I am having some difficulties with organizing my time now that I no longer have grad school assignments and deadlines.

I'm blogging less as well, even though in theory I have more time to write.

My theory: blogging was a way of stealing time for myself in a schedule that was overfilled with obligation.

I am in the process of reinventing how I use my time. I have a one word New Year's resolution this year: "timely". To me, that means more than meeting deadlines. It means getting where I need to be slightly early whenever possible. It means being as attentive to ending the workday as I am to beginning it, leaving myself adequate time for my life away from the office desk. It means learning how to use my time for myself in addition to the benchmarks I must meet for others.

I am finding this to be more difficult than I had imagined. It may take me much of a year to realize one word in my life.

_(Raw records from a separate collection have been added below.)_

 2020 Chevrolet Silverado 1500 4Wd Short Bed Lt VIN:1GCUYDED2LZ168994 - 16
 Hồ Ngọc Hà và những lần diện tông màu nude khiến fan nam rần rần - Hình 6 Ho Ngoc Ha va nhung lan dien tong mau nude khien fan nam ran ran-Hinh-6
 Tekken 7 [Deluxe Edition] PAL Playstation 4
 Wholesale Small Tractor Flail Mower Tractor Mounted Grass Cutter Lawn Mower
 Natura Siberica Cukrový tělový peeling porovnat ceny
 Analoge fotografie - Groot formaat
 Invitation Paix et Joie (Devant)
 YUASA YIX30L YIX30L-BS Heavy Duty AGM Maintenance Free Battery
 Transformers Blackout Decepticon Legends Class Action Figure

  1. Good intentions. David Allen points out that we need to take care that we do not work against our natural flow ... for example, I no longer care that I am less attentive at the end of the work day. Mornings are my time. Afternoons, no so much. By the end of the day, I'm in the lull before the next active phase. Discipline will keep me active in the late afternoon but cannot keep me 'on'.

  2. Great intentions.

    David Allen suggests taking care that discipline does not counter natural flow. For example, I am Morning. Energy lags in the late afternoon. Discipline can keep me grinding away but it cannot make me as good as I am in the morning.